Profundo y rotundo resultó el Oroveso de Marko Mimika, así como muy logrados la Clotilde de Núria Vilà y el Flavio de Néstor Losán. El trabajo musical del coro y la orquesta titulares bajo la batuta de Domingo Hindoyan fue digno y cumplidor, sin estridencias a remarcar pero tampoco sin sutilezas a destacar. Respecto a la puesta en escena firmada por el furero Àlex Ollé – artista residente del teatro -, brilló más por su circunstancia que por su substancia.
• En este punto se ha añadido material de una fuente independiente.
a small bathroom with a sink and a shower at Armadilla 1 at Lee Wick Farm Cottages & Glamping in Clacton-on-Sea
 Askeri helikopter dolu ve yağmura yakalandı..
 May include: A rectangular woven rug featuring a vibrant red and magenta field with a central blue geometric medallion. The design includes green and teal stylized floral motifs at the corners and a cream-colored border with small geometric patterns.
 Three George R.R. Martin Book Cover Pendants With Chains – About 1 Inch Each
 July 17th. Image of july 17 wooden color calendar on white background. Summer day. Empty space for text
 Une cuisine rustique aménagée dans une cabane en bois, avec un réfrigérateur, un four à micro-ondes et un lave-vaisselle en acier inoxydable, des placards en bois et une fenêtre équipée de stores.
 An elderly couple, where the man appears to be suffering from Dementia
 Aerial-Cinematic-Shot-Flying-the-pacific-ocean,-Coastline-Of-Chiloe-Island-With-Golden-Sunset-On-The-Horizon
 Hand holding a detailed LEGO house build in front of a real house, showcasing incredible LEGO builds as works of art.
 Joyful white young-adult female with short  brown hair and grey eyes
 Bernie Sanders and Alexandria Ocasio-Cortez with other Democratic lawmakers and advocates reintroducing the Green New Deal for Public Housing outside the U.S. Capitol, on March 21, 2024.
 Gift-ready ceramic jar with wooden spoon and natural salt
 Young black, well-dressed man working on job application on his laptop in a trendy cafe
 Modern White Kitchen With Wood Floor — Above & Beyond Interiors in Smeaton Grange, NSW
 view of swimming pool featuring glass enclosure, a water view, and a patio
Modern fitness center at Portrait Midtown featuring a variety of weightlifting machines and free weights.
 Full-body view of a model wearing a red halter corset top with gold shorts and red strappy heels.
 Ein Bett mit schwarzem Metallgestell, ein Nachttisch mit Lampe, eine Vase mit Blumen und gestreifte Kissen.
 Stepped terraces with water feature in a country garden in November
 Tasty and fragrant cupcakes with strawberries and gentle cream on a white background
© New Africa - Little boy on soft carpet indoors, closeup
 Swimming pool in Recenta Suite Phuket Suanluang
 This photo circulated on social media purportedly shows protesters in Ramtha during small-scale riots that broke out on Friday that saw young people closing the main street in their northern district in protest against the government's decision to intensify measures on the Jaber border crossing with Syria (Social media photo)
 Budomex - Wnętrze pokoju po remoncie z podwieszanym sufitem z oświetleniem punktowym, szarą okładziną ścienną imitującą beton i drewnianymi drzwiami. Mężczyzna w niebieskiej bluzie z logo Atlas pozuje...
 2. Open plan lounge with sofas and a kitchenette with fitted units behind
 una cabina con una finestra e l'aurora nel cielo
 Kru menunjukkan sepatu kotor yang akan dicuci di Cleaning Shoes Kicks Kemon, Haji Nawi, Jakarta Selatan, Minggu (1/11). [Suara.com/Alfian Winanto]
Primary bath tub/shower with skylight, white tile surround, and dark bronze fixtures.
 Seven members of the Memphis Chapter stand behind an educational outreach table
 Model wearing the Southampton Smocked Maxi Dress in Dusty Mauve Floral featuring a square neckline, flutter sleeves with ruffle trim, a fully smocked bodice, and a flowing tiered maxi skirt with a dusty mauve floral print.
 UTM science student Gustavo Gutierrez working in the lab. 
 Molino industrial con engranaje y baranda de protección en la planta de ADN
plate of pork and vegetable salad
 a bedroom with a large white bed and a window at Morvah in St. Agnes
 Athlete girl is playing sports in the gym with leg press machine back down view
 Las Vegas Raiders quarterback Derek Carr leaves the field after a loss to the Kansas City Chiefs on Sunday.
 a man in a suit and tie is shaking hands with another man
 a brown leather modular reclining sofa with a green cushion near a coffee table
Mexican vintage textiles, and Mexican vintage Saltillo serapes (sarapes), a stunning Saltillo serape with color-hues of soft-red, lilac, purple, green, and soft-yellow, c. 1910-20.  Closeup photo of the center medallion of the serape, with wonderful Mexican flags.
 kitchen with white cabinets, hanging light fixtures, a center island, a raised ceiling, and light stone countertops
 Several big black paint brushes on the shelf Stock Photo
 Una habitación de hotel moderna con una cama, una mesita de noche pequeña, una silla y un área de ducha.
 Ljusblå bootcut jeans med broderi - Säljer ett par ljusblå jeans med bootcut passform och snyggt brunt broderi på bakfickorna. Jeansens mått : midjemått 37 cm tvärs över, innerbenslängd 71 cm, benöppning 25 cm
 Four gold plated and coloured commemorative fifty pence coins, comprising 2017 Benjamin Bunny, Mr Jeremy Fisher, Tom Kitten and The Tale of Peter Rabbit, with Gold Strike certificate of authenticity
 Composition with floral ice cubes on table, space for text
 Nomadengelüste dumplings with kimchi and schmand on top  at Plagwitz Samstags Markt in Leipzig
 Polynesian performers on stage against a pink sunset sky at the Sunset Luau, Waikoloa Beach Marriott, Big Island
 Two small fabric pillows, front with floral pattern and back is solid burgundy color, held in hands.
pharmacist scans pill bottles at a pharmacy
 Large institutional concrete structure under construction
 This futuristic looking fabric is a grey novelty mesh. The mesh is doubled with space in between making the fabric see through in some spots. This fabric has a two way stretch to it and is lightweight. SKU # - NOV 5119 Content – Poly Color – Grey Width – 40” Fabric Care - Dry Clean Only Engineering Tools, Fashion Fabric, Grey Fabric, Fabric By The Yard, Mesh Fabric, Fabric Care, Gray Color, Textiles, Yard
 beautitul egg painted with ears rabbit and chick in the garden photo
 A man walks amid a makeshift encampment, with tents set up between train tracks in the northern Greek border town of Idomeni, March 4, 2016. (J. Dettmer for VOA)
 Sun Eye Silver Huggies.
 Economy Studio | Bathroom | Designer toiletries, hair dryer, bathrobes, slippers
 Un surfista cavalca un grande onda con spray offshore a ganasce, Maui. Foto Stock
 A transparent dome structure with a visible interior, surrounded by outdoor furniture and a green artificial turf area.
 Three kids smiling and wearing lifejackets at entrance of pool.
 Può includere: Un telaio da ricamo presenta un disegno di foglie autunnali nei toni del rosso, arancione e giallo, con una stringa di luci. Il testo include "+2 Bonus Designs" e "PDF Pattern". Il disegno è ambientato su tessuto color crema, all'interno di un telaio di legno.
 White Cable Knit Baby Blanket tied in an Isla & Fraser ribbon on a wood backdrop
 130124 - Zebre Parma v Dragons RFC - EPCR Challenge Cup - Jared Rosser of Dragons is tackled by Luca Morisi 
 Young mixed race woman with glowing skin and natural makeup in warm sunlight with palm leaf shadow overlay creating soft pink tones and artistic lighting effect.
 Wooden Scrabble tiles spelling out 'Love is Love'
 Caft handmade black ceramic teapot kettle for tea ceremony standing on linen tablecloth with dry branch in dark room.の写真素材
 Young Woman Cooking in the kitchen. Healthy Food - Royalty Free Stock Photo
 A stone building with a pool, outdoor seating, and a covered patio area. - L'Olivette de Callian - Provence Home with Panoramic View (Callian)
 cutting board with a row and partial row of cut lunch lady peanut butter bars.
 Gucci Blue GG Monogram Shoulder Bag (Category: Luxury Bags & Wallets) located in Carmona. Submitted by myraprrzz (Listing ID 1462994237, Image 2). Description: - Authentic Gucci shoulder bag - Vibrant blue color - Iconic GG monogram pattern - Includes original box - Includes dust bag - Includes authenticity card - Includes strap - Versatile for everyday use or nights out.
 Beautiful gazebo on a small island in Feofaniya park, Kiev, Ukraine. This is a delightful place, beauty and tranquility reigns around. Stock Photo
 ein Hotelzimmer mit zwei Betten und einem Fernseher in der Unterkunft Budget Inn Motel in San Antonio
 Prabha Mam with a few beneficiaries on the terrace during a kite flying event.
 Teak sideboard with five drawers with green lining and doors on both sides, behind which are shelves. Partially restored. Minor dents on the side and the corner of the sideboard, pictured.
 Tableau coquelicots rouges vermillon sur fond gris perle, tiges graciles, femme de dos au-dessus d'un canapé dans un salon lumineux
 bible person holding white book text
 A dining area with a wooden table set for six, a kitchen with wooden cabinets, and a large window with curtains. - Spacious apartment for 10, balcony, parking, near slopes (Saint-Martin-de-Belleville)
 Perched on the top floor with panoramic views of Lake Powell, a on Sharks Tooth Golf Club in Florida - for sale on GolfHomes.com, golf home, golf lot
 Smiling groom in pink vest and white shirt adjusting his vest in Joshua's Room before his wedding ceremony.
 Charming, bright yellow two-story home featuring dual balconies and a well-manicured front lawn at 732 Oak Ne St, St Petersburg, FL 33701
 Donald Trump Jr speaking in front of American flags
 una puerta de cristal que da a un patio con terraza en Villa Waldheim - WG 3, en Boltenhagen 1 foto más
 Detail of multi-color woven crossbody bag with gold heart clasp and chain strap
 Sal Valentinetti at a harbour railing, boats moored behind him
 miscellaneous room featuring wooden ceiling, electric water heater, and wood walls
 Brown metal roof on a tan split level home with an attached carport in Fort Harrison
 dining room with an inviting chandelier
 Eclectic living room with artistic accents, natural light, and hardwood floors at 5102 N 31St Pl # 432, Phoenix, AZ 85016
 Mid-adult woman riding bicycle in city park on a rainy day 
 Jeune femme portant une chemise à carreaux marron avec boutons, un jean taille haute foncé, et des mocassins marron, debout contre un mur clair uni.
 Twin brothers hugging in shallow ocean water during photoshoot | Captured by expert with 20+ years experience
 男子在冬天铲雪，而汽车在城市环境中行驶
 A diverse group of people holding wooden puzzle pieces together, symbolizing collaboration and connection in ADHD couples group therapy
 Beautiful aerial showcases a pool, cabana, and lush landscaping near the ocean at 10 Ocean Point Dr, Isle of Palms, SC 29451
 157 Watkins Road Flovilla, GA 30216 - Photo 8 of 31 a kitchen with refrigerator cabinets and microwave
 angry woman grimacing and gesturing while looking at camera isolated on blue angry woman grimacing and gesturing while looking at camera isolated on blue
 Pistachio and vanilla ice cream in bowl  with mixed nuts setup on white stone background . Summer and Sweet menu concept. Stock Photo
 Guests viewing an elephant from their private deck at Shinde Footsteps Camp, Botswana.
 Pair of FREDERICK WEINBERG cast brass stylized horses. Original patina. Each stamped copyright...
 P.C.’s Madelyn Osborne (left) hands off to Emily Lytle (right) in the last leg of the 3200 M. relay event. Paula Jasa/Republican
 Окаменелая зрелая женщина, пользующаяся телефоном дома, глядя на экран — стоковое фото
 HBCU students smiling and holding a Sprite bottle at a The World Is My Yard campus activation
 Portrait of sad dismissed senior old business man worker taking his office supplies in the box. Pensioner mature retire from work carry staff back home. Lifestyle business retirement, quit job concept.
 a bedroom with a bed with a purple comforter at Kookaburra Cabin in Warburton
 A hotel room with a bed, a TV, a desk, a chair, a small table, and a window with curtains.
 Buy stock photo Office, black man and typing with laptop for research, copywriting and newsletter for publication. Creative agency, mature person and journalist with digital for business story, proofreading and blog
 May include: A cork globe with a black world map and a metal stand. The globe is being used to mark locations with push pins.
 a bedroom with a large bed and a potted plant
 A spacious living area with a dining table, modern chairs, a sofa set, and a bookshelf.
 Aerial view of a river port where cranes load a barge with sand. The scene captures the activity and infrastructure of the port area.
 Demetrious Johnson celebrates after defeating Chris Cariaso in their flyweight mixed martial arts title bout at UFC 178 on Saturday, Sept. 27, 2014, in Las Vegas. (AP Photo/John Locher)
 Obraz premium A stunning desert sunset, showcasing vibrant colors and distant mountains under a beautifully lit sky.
El gran mérito del su trabajo escénico residió, sin lugar a dudas, en la plástica y monumental escenografía concebida por Alfons Flores. Un aparato escénico conformado por una tupida red de crucifijos (mil docientos) que van modulando los distintos espacios escénicos a lo largo de la representación, con gran sugestión estética y un extraordinario sentido de la iluminación. Pero ahí queda la cosa. El recurso tan manido de sacar a relucir el nacionalcatolicismo, en esta ocasión a cuento del supuesto fanatismo religioso y belicista del pueblo galo, resulta a estas alturas (pasado medio siglo, con el dictador fuera del Valle y una ley una ley de revisionismo histórico en danza) una ocurrencia más que trillada, cuando no obsoleta. Eso sin contar con el agravante de propiciar no pocas puntadas de pie al libreto del malogrado Felice Romani.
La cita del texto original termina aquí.